Beh, malgrado tutte queste premesse, malgrado la proposta fosse ghiotta, malgrado le golose ricadute di una partecipazione alla autorevole designazione, la minoranza che non sa essere opposizione ha detto no. E in alcune dichiarazioni, ovviamente protette da ragionevole anonimato, ha rivendicato la solida fermezza del gran rifiuto opposto alla tracotante indole corruttiva della dirigenza del Pd, che alterna carezze e pugni.
Non si sa chi sia peggio. Se un segretario/presidente e padrino precoce di una famiglia di affini assoggettati e innamorati a un tempo di lui e della posizione che la fidelizzazione assicura, se un gruppo dirigente asservito a una cupola padronale, ma come succede a kapò, maggiordomi e anche lacchè, usi a essere forti coi deboli e deboli coi forti, se un ceto affetto da leaderismo come da incompetenza, approssimazione, ambizione smodata quanto la tenacia con la quale vogliono conservare rendite di posizione e privilegi, raggiunti grazie al cono di luce del piccolo cesare, e ormai dedito a zittire ogni voce critica, comprandola o soffocandola. O invece una minoranza dedita al brontolio sommesso, a forbiti distinguo, a pretese di diversità, a eleganti e motivate proteste che si concludono nella doverosa accettazione, per carità di patria. È che la patria per gli uni e per gli altri è l’unico posto rimasto sicuro, e anche l’unico che non richiede fatica, in un paese senza garanzie e senza lavoro. E’ che negli uni e come negli altri non alberga nemmeno il sospetto, nemmeno il dubbio che possa esistere qualcosa d’altro rispetto alla miseria di pensiero e idee nella quale ci hanno costretto a vivere. Non vogliono neppure misurarsi con l’opportunità, difficile, di assumersi la responsabilità di immaginare altri modelli di vita e altre forme della politica. I pochi discordanti, condannati da sé a non stonare l’inno del regime, fanno finta con loro stessi e con noi che sia l’unica strada, come se la storia non avesse smentito la chance dell’entrismo, come se occasionali riforme non avessero dimostrato l’impossibilità di temperare la ferina potenza del capitalismo, come se il consociativismo non avesse sempre finito per assecondare i rapaci appetiti dello sfruttamento.

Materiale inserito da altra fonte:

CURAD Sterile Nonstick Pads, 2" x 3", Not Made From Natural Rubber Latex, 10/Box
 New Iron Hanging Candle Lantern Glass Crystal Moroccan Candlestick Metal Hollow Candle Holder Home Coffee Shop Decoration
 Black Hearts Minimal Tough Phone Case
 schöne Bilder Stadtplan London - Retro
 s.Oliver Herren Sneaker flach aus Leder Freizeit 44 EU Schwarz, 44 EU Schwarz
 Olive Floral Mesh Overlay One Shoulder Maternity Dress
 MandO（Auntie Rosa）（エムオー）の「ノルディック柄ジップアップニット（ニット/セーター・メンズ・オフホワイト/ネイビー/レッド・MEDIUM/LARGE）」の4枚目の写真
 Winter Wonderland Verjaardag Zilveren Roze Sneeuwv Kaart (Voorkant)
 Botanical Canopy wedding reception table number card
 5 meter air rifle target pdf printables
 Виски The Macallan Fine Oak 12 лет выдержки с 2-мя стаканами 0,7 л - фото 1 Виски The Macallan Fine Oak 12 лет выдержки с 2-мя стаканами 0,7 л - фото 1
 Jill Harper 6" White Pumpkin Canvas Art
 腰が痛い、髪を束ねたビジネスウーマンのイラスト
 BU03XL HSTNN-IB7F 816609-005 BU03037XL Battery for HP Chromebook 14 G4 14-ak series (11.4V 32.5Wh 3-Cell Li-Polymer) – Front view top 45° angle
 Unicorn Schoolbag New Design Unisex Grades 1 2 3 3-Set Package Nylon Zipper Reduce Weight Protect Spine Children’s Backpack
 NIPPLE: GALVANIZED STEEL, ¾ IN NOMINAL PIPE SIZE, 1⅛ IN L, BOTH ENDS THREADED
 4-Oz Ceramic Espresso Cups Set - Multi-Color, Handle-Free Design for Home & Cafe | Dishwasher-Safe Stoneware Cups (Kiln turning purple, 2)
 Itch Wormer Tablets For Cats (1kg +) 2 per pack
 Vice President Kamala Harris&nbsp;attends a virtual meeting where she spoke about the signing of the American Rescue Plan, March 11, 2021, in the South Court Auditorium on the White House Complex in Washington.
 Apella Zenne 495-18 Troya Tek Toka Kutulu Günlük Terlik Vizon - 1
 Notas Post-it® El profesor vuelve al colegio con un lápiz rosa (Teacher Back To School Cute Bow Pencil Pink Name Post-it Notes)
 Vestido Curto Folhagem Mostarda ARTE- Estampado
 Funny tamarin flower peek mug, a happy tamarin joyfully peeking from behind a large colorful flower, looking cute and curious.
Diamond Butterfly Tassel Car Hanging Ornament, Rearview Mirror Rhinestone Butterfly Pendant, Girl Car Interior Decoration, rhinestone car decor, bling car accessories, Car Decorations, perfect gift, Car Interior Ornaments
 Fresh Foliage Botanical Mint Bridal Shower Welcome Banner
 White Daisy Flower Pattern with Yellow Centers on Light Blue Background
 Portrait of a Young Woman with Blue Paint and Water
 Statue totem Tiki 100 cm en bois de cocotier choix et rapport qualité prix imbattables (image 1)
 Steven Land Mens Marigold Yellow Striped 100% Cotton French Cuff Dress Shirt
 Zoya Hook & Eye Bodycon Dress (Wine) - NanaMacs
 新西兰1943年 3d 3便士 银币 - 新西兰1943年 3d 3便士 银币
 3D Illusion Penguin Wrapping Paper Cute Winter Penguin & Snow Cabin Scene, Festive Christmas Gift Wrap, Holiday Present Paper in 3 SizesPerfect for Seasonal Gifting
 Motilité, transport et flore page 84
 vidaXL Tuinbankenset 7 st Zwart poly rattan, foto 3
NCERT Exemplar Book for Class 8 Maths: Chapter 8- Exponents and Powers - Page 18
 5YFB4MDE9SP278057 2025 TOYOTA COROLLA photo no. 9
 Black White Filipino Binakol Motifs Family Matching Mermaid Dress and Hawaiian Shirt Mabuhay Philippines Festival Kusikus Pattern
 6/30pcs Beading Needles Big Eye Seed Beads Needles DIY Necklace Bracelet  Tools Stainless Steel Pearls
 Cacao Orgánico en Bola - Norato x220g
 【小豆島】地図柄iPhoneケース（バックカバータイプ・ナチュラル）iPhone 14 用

E c’è da sospettare che in mancanza della possibilità di perpetuare il disturbo tollerato della mansueta e segreta carica dei 101, preferiscano il riproporsi del voto di fiducia, quello che libera tutti, cui si è costretti a uniformarsi, che tanto l’unica a scandalizzarsi è la Costituzione, quell’avanzo arcaico da stracciare insieme alla democrazia. Perché, purtroppo, quella minoranza è il ritratto degli italiani, che non si scandalizzano più, nemmeno davanti allo specchio.